Changeling

Movies Reviews Clint Eastwood
Changeling

Release Date: Oct. 31
Director: Clint Eastwood
Writer: J. Michael Straczynski
?Cinematographer: Tom Stern?
Starring: Angelina Jolie, John Malkovich, Jeffrey Donovan, Amy Ryan
Studio/Run Time: Universal Pictures, 140 mins.

In Eastwood’s latest, a woman’s struggle against the system spirals into chaos

It shouldn’t be a spoiler, but it is: Changeling is based on a true story.
This detail went largely unannounced before the movie’s world premiere at the Cannes Film Festival this past May. When the credits rolled at film’s end, it was as if director Clint Eastwood whispered in everyone’s ears, “That was for real.”

Additional whispers at Cannes also suggested that Changeling would take the competition’s top prize, the Palme d’Or. It didn’t, though Eastwood was awarded a Special Prize (alongside Catherine Deneuve). As the award’s title suggests, it was a sort of consolation prize for the film legend.

Set in late 1920s/early ’30s Los Angeles, Changeling follows the tribulations of single mother Christine Collins (Jolie), who takes on an extra shift at work one evening and comes home to find her nine-year-old son missing. What opens as a straightforward missing-child melodrama rapidly turns into something more disturbing. The L.A.P.D. delivers Collins’ son, who returns a few inches shorter—and circumcised. Needless to say, he isn’t hers. In the name of saving face, Police Captain J.J. Jones (Donovan) convinces Collins to take the boy home on a trial basis, despite the eerie fact that he’s clearly not her son, and that the whole notion is absurd.

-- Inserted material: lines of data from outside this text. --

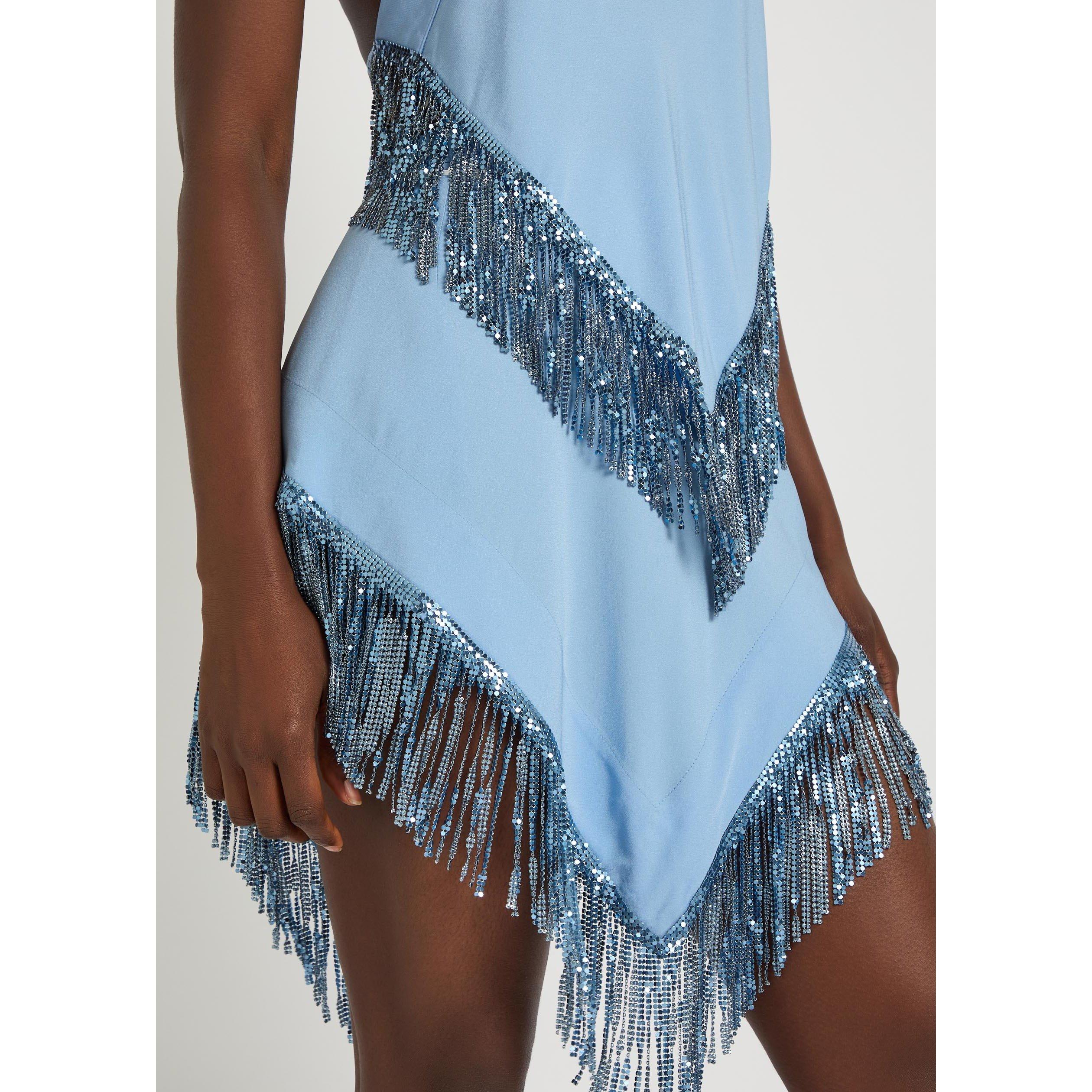 BLUE - Rabanne - Women's Fringe Mini Skirt - 4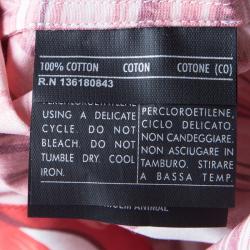 Pre Owned Salvatore Ferragamo Red Leaf Printed Cotton Long Sleeve Shirt L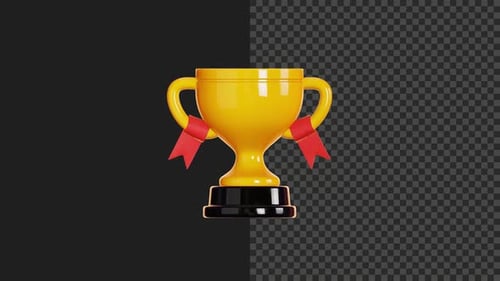 Spinning Golden Award Trophy 3D Loop Animation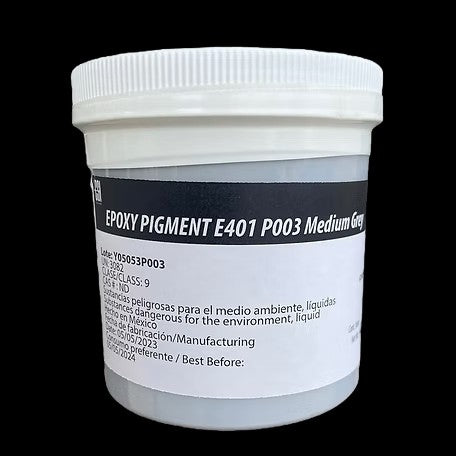 White container with a label for Epoxy Pigment E401 P003 Medium Grey on a black background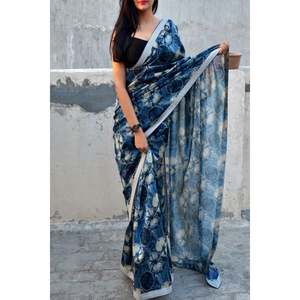 FANCY SATIN ESTAMPADO SAREE CON BLUSA DESCOSTADA AZUL - Product Image 1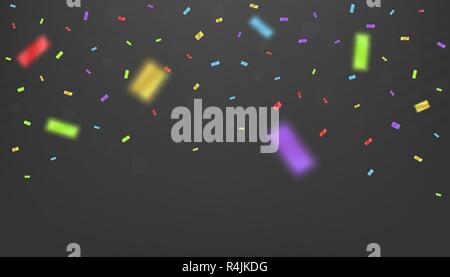 Rubans de fête colorés sur fond noir. Illustration Vecteur de confettis couleur flou artistique Illustration de Vecteur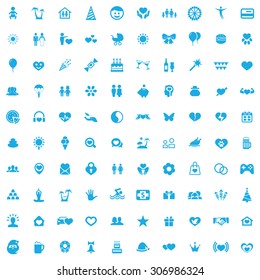 happiness 100 icons universal set for web and mobile
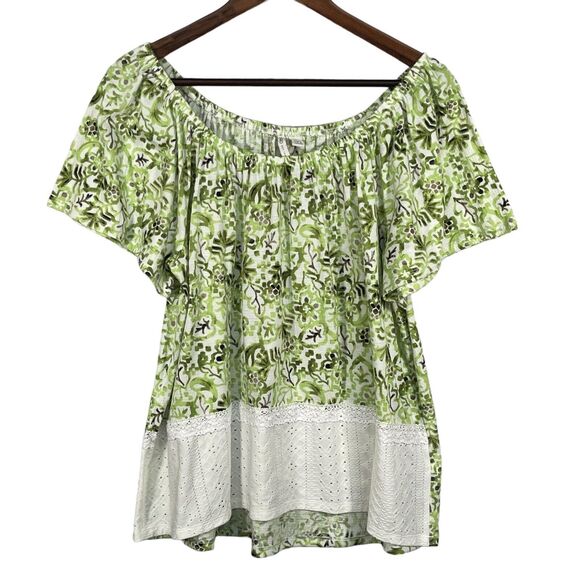 Cato Off -Shoulder Top Women Size L Green Pattern Short Sleeve Eyelet Summer - Picture 1 of 12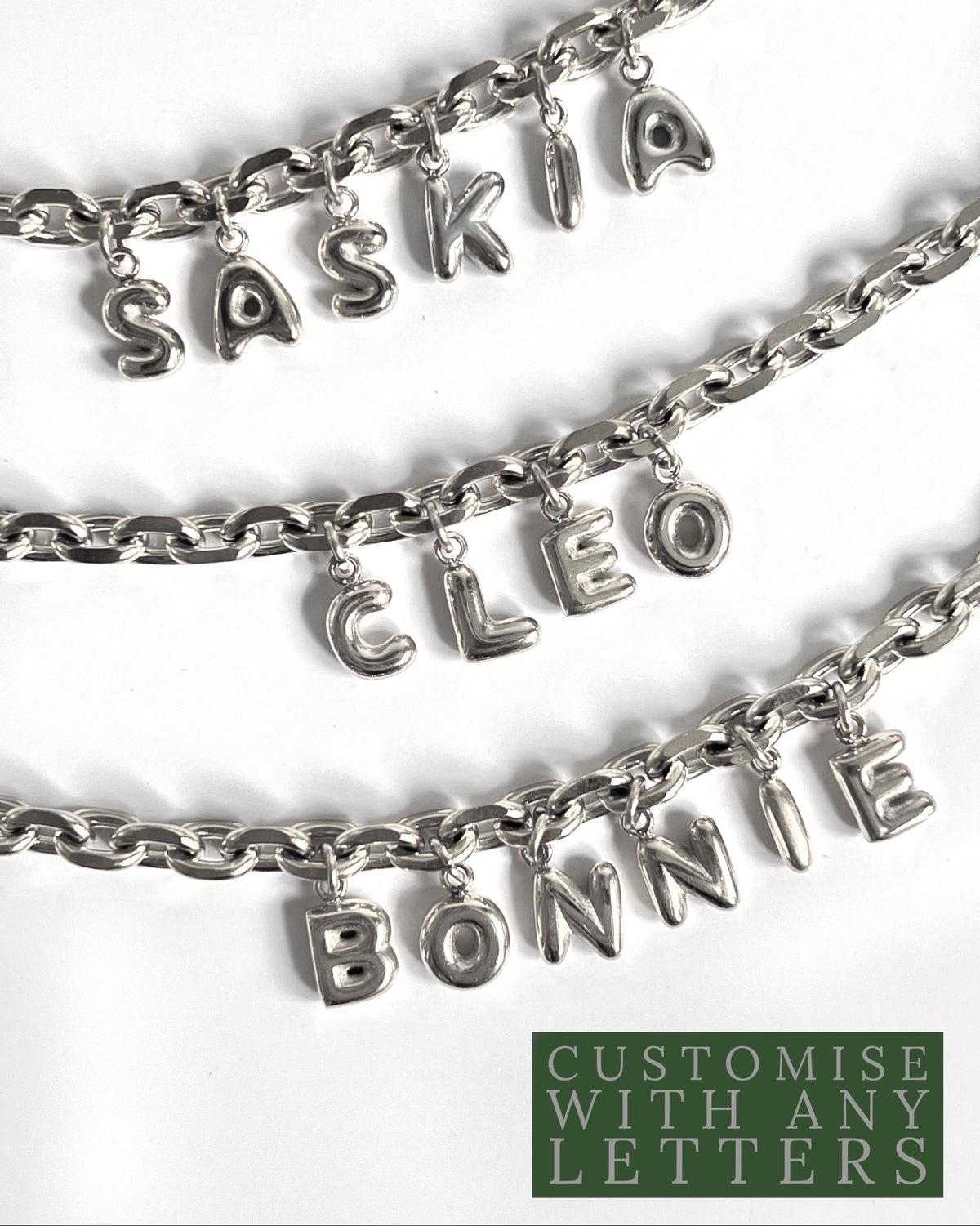 Silver Bubble Letter Name Necklace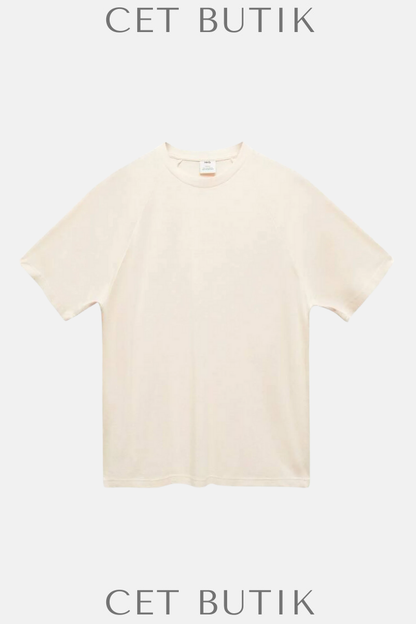 Mango CIRCO Off-White Keten Karışımlı Regular Fit Tişört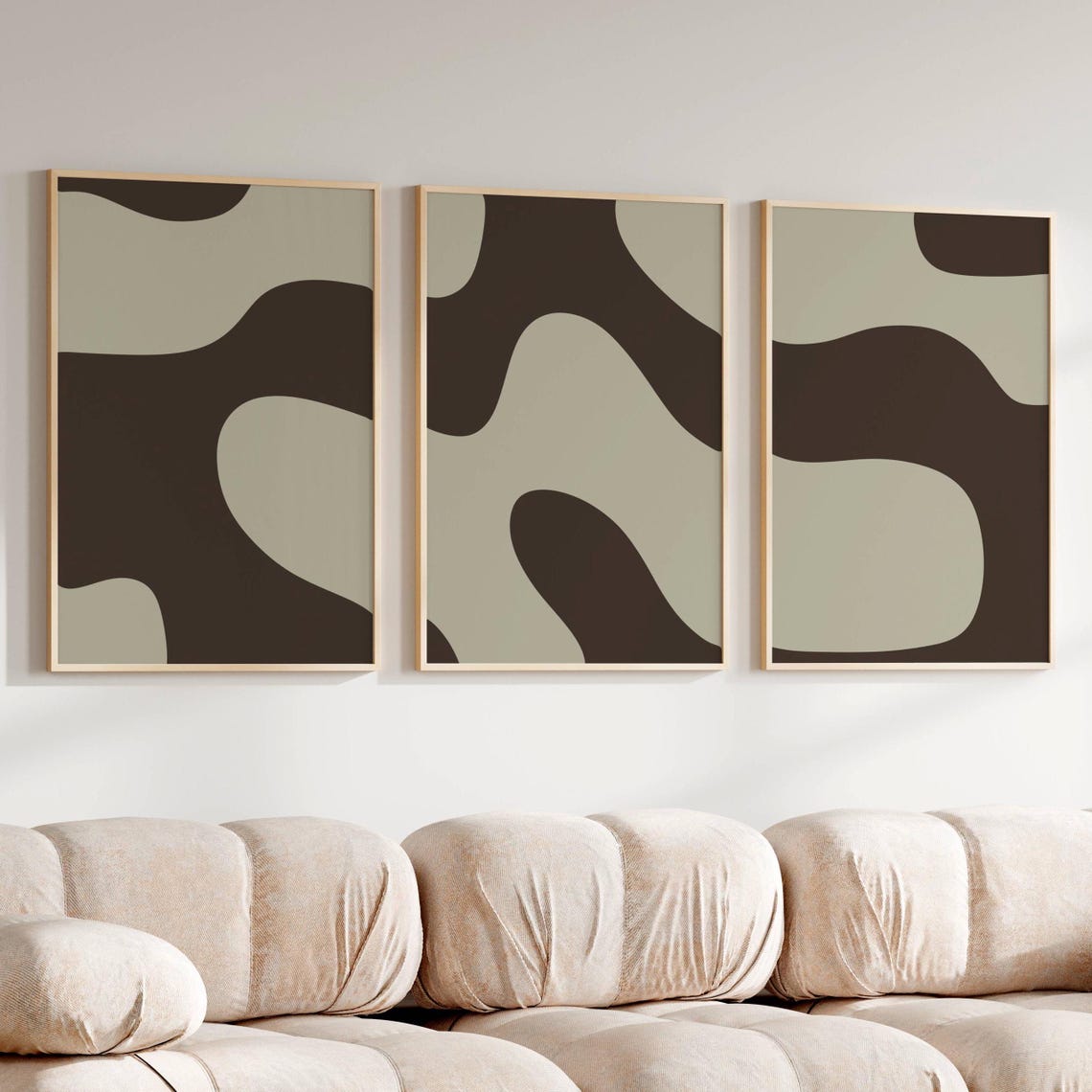 Brown Abstract Art 3 Piece Wall Art Modern Art Prints Abstract Poster ...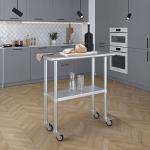 AmGood Stainless Steel Work Table with Wheels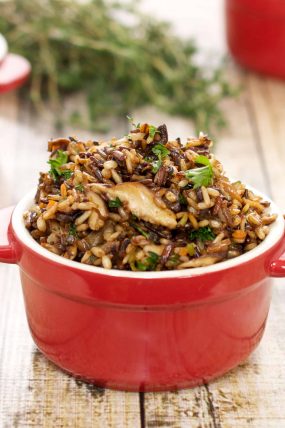 Wild Rice Stuffing with Carrots, Mushrooms and Thyme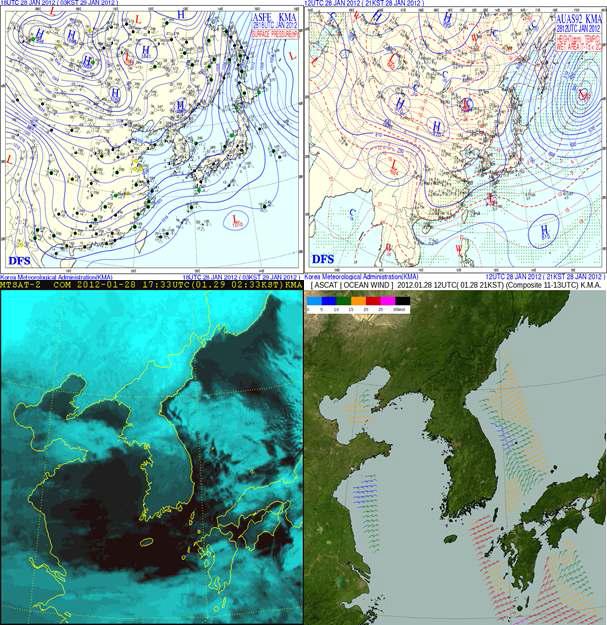(a) Surface synoptic charts at 0300 KST 29 January 2012. (b) 925hPa synoptic charts at 2100 KST 28 January 2012. (c) The MTSAT-2 satellite composited image at 0233 KST 29 January 2012. (d) The ASCAT/Ocean wind satellite composited image at 2100 KST 28 January 2012.
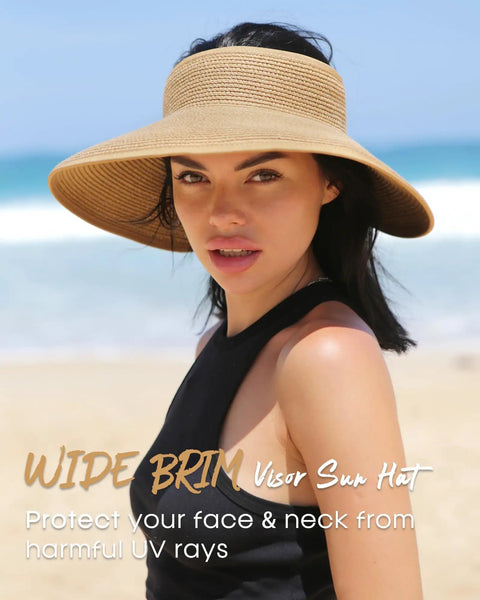 Womens Straw Sun Hat With Ponytail Hole And Wide Brim Beach Visor Khaki Ultimate Sun Protection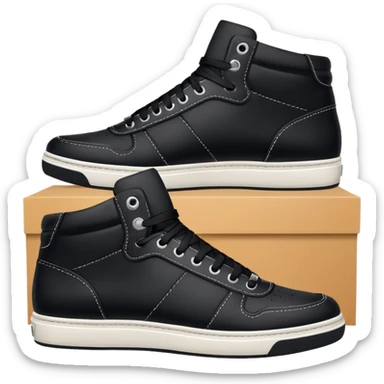 an ios genmoji for pair of black mid top sneakers sticker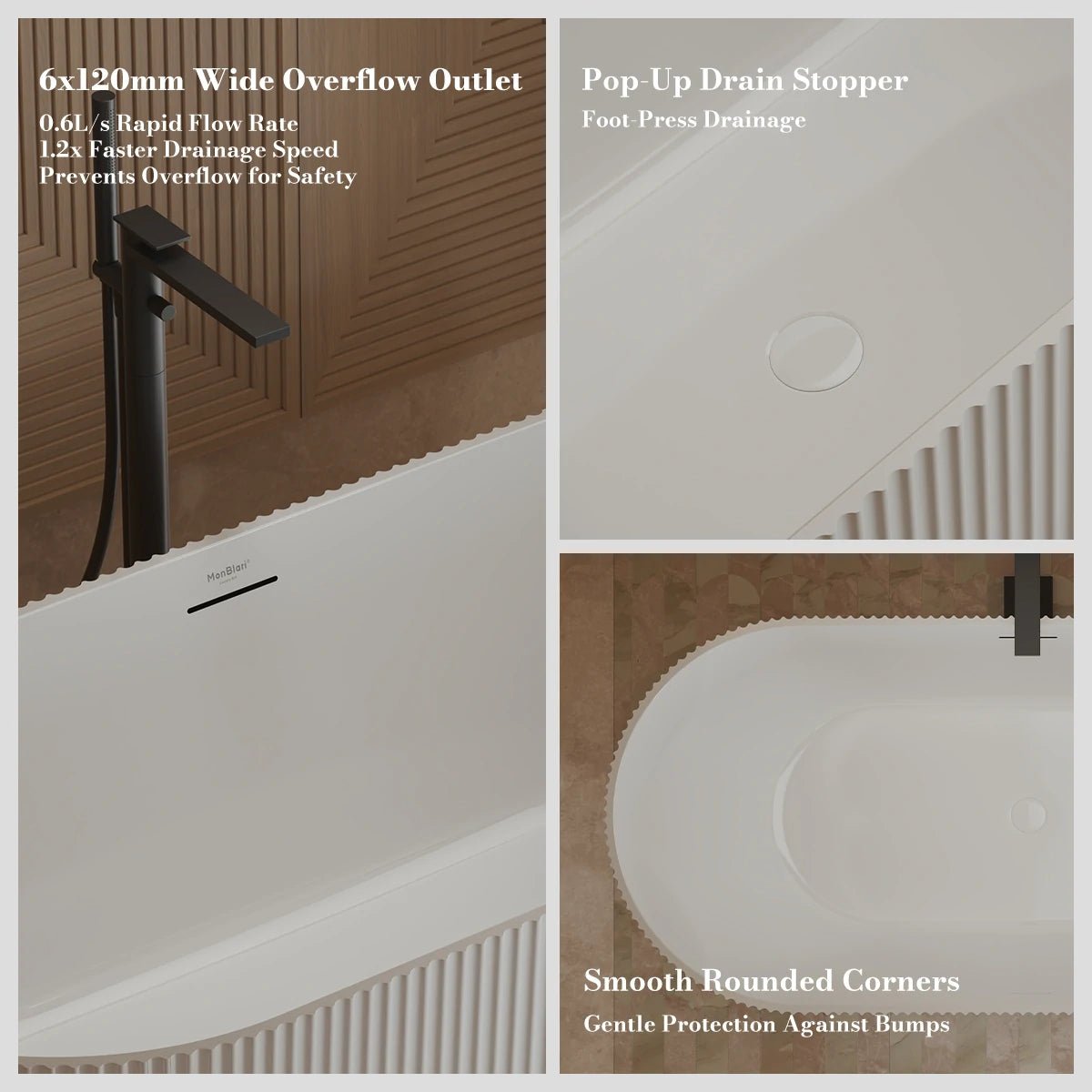 55-71 Inch MonBlari Acrylic Freestanding Bathtub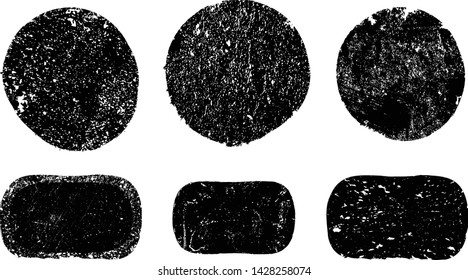 Grunge post Stamps Collection, Circles. Banners, Insignias , Logotipos, Iconos, Etiquetas y Badges Set . texturas de distrés vectorial.formas en blanco.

The story unexpectedly takes a turn for the gruesome and bizarre, beginning a moral crusade and a fight against a corrupt institution. The Reverend Gustav Briegleb (Malkovich) takes on Collins’ struggle against the police department. A serial killer (Jason Butler Harner)—menacing, twisted and jovial—adds further layers. Even more intriguing, though, is the undercurrent of sexism, during a time when women were dismissed as creatures of wild emotion and senselessness in the event of over-stimulation. When Collins stands up to Captain Jones for the last time he can bear, he has her carted off to the psychiatric ward.

Employing a washed-out palette reminiscent of vintage photographs, the film engages as a period picture, complete with impeccable costume and set design. However, it risks losing itself in distracting details, like when Jolie rollerskates through her office, where she’s a telephone-operator manager. The film’s shortcomings as a period piece are few, but they’re grave. Donovan’s portrayal of corrupt, chauvinistic Police Captain Jones resembles the kind of police caricatures often seen in goofy gangster movies. Dialogue that, at times, sounds stilted to 21st-century ears is redoubled by Donovan’s over-eager acting.

Jolie, however, provides a positive contrast. A scene in which she screams at the young imposter, damning him to hell, is downright frightening. Building plausibility in what is an otherwise fantastic case, the scene investigates Collins’ response to a scenario fraught with high-intensity emotion and tension. Here, Jolie is most effective. At other times—like when Eastwood has her warily peering up from under her cloche hat, or simply saying, “I just want to find my boy,” over and over—the character loses power. While a mother with a lost son could conceivably sound like a parrot, the repetition is grating.

Although the two-hour-plus film is long by industry standards, the pacing is apt. The extended denouement sputters at times, jumping from court trial to court trial. The movie could’ve wrapped up several times over. But Eastwood chooses to see it to its very end, giving the story due justice. As Collins tells her son, and later fulfills herself, one musn’t start fights, but finish them.